1 . INTRODUCTION
Droughts largely influence the ecological, cultural and socio-economic sectors (Dalezios et al., 2014; Skakun et al., 2016; Amalo et al., 2017). Generally, droughts are categorized into meteorological, agricultural and hydrological (Zargar et al., 2011). Prediction of drought is associated with the monsoon conditions which are controlled by distribution of various regional and local factors like El Nino and Southern Oscillation (ENSO) events, atmospheric parameters, etc. (Ropelewski and Halpert, 1986). The impact of drought is prominently visualized on agricultural sector because of the reduction in crop cultivation, stunted growth and productivity (Sruthi and Aslam, 2015).
The share of rainfed crops is very high in semi-arid regions of India. Various indices based on remotely sensed data, statistical methods, GIS techniques and hydrogeological investigations have been introduced for monitoring and predicting drought characteristics such as duration, severity and areal extent (Khalil et al., 2013; Domenikiotis et al., 2004; Thenkabail and Gamage, 2004; Arshad et al., 2007; Murad and Islam, 2011; Wardlow et al., 2012; Melese et al., 2018). These indices are helpful for classification of the area into various drought zones viz. high, moderate, low and no drought (Kogan, 2001). Vegetation Health Index (VHI) is function of Temperature Condition Index (TCI) and Vegetation Condition Index (VCI), which is an indicator of green growth. In this study, the droughts in Bhima catchment area have been evaluated using VHI to understand the intensity.
3 . METHODOLOGY
3.1 Data
Rainfall data (1981 to 2017) have been procured from IMD to sort out scanty rainfall years. Considering the availability of 250m resolution and relative clarity in MODIS data, it was used in this research to derive Vegetation Health Index (VHI). The details of the satellite data are: MODIS/Terra, (16-day) NDVI product MOD13A2 and MOD11A2, Land Surface Temperature/Emissivity (8-days) LST product. Global MOD13A2 and MOD11A2 data are available for every 16 days and 8 days, respectively, at 1km spatial resolution as a griddedlevel-3 product in Sinusoidal projection. The data of pre-and post-monsoon seasons (April, May and November, December) has been used for the analysis for six low rainfall years (2000, 2002, 2009, 2014, 2015 and 2017).

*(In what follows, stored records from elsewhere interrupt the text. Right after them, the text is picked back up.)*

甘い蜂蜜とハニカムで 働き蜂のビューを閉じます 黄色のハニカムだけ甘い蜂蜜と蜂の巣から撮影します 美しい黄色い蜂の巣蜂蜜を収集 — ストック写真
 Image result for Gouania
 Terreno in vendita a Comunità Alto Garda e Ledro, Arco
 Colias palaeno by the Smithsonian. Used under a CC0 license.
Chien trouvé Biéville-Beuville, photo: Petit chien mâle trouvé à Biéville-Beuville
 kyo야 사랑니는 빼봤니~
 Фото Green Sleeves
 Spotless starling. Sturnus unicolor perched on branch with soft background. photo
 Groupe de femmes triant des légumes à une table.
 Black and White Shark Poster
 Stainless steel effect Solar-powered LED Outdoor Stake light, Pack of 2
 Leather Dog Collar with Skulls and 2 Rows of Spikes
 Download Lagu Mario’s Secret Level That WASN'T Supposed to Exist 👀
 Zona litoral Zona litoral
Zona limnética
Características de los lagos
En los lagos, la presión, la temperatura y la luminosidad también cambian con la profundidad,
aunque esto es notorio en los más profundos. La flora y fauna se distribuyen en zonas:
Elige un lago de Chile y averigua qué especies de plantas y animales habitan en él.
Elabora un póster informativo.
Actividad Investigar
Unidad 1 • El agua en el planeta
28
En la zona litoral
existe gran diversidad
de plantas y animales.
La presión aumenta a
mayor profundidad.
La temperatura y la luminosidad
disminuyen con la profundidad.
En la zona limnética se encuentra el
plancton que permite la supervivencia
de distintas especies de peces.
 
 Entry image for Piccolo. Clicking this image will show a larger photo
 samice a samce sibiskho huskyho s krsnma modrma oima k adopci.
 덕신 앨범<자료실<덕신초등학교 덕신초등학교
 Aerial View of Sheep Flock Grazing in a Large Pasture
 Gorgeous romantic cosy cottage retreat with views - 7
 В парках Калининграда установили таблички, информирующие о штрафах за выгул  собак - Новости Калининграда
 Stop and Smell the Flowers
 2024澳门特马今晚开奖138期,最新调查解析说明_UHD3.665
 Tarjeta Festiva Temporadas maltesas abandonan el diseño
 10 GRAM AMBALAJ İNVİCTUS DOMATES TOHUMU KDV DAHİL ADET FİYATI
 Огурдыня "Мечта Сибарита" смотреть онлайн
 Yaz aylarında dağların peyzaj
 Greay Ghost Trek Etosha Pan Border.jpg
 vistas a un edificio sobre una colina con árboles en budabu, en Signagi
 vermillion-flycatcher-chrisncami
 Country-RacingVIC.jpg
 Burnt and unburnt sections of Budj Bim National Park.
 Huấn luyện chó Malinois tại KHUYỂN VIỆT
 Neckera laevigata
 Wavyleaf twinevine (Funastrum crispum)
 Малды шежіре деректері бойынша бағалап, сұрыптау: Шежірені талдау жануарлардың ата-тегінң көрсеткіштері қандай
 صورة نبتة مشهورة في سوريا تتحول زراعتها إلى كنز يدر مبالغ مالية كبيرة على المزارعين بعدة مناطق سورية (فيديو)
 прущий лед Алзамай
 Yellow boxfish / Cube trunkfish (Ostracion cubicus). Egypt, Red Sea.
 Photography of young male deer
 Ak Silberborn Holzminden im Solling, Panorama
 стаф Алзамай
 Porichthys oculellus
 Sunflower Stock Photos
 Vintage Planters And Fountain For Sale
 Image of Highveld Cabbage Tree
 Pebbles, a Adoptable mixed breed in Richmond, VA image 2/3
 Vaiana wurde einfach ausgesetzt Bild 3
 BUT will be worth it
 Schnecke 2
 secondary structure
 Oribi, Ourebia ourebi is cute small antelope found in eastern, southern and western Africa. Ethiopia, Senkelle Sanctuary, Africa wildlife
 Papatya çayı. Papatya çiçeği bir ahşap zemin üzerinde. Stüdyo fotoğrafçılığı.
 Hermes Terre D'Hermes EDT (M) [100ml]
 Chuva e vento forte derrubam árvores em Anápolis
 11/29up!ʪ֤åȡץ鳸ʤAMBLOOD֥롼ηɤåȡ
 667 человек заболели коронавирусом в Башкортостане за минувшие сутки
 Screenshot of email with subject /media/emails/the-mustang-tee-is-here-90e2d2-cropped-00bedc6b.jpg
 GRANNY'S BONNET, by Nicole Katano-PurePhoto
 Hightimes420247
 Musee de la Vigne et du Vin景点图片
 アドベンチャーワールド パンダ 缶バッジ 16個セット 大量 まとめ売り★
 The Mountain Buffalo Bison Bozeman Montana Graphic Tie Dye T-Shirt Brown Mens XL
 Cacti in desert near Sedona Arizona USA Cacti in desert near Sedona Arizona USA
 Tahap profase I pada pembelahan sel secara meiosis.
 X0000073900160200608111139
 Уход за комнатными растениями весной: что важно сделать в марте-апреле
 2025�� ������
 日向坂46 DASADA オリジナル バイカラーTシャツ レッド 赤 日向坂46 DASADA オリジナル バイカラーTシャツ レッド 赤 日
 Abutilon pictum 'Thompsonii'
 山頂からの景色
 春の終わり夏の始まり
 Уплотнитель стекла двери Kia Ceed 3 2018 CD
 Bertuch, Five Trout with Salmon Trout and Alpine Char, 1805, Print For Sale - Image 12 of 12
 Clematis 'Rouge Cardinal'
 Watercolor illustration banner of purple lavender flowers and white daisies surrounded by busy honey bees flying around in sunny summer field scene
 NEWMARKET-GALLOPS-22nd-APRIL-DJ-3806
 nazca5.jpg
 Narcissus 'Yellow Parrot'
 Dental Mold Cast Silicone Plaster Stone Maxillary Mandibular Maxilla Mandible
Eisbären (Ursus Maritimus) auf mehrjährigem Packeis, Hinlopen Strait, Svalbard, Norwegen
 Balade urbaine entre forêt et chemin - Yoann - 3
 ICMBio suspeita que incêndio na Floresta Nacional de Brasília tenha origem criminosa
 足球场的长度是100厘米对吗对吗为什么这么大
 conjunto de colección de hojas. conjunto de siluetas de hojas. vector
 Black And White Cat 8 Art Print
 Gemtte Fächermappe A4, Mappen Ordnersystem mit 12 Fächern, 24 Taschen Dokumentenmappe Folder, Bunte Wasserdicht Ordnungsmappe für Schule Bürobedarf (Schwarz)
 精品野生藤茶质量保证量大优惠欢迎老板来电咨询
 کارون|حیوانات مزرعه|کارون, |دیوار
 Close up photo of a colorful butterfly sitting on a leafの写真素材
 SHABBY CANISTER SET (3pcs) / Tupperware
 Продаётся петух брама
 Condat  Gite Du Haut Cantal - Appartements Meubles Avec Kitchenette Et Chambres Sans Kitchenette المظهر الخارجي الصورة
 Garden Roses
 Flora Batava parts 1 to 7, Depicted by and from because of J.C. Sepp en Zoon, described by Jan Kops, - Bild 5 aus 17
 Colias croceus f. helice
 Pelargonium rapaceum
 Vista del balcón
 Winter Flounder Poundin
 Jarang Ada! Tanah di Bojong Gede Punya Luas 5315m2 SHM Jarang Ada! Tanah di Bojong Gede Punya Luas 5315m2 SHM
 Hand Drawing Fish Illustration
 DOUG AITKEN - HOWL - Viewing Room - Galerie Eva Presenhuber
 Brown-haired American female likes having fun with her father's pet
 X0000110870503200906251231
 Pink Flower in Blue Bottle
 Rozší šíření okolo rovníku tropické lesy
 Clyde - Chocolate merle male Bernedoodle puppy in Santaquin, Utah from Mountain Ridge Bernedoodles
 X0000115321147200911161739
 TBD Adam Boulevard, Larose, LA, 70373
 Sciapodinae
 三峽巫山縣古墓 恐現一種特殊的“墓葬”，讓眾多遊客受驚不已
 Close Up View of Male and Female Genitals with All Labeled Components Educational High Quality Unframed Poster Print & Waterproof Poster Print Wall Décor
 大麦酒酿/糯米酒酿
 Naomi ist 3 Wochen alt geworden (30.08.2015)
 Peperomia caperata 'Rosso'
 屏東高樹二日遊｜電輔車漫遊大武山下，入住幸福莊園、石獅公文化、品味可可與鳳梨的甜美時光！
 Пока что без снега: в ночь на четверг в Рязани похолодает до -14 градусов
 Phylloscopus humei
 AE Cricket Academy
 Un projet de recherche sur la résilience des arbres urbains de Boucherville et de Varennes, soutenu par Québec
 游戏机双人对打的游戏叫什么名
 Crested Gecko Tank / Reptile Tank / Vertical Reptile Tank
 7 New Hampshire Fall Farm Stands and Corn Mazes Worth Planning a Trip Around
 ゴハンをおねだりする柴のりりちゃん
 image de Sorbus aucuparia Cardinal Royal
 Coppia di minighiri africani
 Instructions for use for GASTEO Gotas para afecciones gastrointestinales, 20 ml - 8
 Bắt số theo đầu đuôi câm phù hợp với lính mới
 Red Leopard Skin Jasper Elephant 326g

3.2 Pre-processing of Satellite Data
The MODIS NDVI (16 bit signed integer) and LST (16bit unsigned integer) data are available in Hierarchical Data Format (HDF) with valid range from 2000 to 10,000 (NDVI) and 7500 to 65535 (LST). The data for the study area was covered in two tiles (h24v07 and h25v07) and converted to tiff format. The image mosaic and projection from sinusoidal to UTM (Zone-43N) was performed for the entire dataset. Normalized Difference Vegetation Index (NDVI) values were rescaled between +1 to -1 by multiply 0.0001 and Land Surface Temperature by 0.02 factors.
3.3 Drought Indices
3.3.1 Normalized Difference Vegetation Index (NDVI)
NDVI values were used to identify the area with green cover, health of plants, growth pattern of agriculture, water stressed crops and also the different type of crops as well as vegetation. (Dutta et al., 2015; Tarpley et al., 1984; Tucker et al., 1985). NDVI has been calculated using ‘Raster Calculator’ in GIS software as:
\(NDVI= {NIR-RED \over NIR+RED}\)
where,
\(NIR\) = Reflectance in Near Infrared band.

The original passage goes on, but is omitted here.